In domestic violence fueled Christian families, a man can reference the ultimate guide, the bible, and support his stance of dominance leaving a woman left with only the option of submission. Such use of the text has had a huge impact on the culture in many domestic ways. The text talks about how many domestically abused women with husband who were/are devout Christians ended up rejecting the religion as a whole when pastors, elders and even fellow sisters within the church encouraged women to work-out domestic abuse problems with their abusive Christian husbands.

Religion is just another vice used to support domestic violence and abuse in some American families but mere problems of ego in some men and women have also been known to promote abuse. In the book, Domestic Abuse: Our Stories many women shared how gaining weight or changing hair styles resulted in abuse by the men in their lives.

Not every victim is killed and not every victim is hurt physically. Some victims of domestic violence suffer financial abuse by their abuser while others suffer emotionally. There are victims of domestic violence who are educationally stagnated when families feel that only male children should pursue education leaving female family members behind to assist with domestic duties in the home.

Domestic violence can be punishable by many levels within the criminal system depending on the type of abuse committed to a victim.
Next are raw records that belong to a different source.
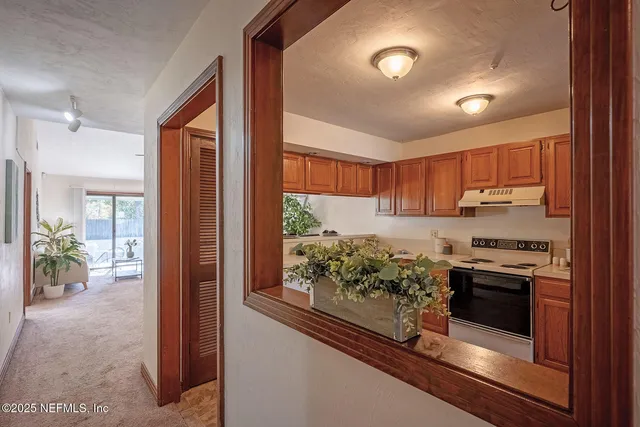 a kitchen with stainless steel appliances granite countertop a stove and a refrigerator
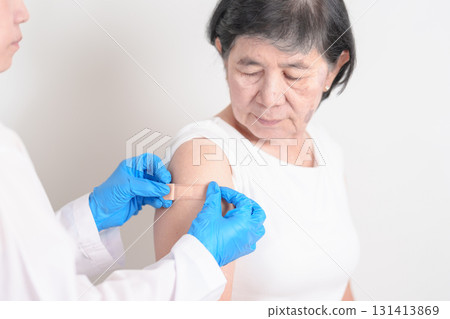 Elderly Woman with bandage after received vaccine. Vaccination and Immunization for Influenza, Herpes Zoster, Tetanus, Covid 19 booster, Dengue, Encephalitis, Rabies, Pneumococcal, IPD, RSV Vaccines Elderly Woman with bandage after received vaccine. Vaccination and Immunization for Influenza, Herpes Zoster, Tetanus, Covid 19 booster, Dengue, Encephalitis, Rabies, Pneumococcal, IPD, RSV Vaccines 131413869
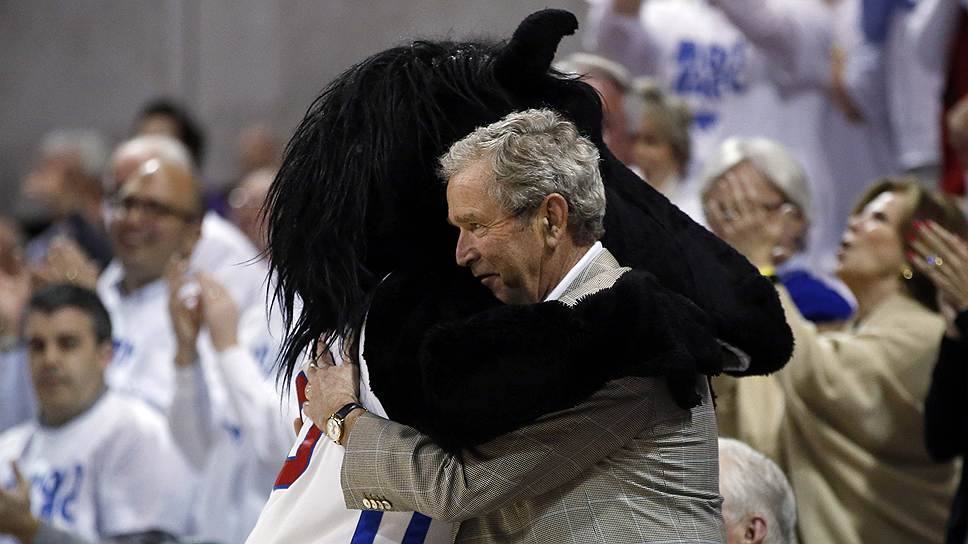 Бывший президент США Джордж Буш обнимается с талисманом баскетбольной команды SMU во время перерыва в матче с командой Луисвилля в Далласе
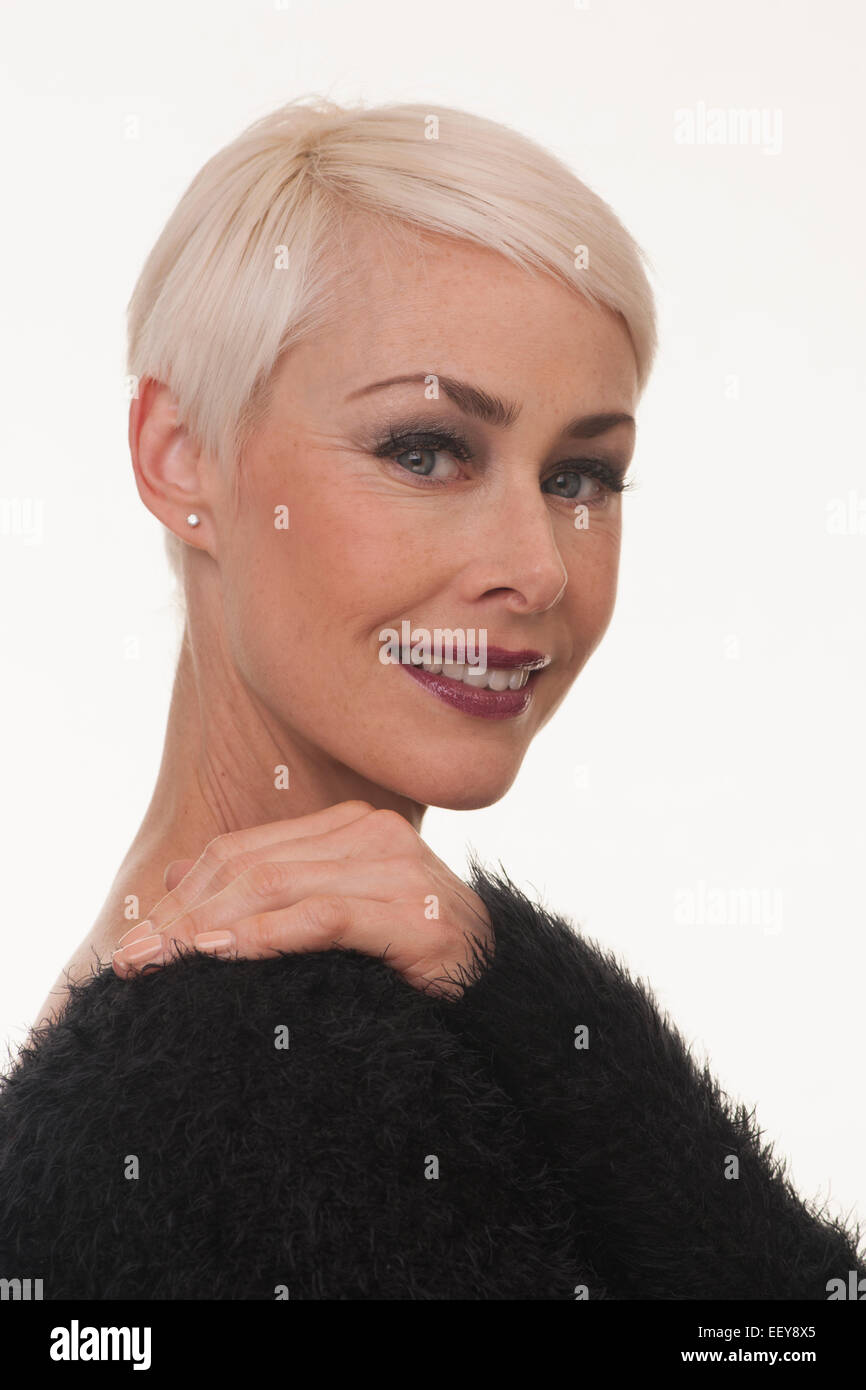 Mature Woman With Short Blonde Hair Smiling Headshot Stock Photo
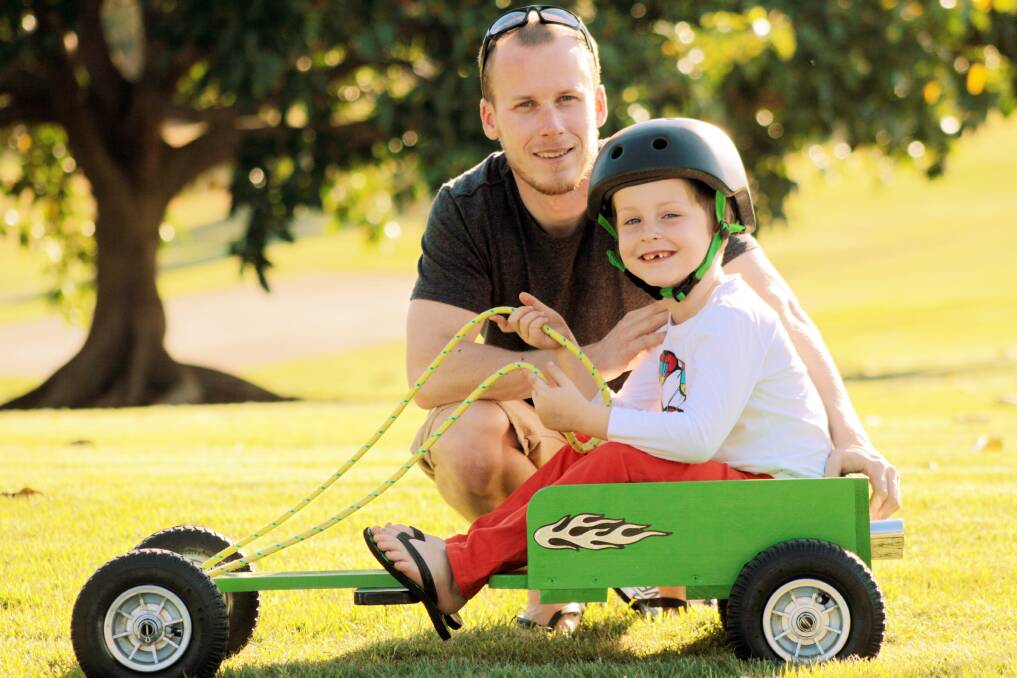 AUGUST: Adam and son Lockyer Woods, 5 of Capalaba are ready to roll in the Billycart championships on August 18. Phot by Chris McCormack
However, while American society is mostly designed to indirectly promote male dominance and virtually the domestic violence correlation thereof, the country attacks the crime by assigning heavier sentencing and stronger protection for victims.

Persons charged with crimes of domestic violence usually have to enroll in counseling such as the infamous 52 week domestic violence counseling course. Perpetrators are always assigned heavy court fees and restitution. There are several programs to assist victims of domestic violence and these programs can be very costly. Often times, stalking is associated with domestic violence and it is better and safer for victims to relocate. Victims usually need shelter once they arrive at new locations and there are several nation and statewide programs that report lack of funds or overcrowding of domestic violence shelters.

In Sacramento, a program known as WEAVE assists with shelter for female victims of domestic violence along with their children. The program manager for WEAVE in Sacramento says that not only is the program costly in assistance of victims but there are also funds potentially wasted on people in need of shelter who “work” the system as an effort to satisfy their need for a home.

In 2006, California passed a law stating that children do suffer emotional abuse if they are forced to attempt to learn and grow in a home where domestic violence happens. Child Protective Services have been given the right to remove children from such environments and place them in nonviolent homes and this is a very costly process as well.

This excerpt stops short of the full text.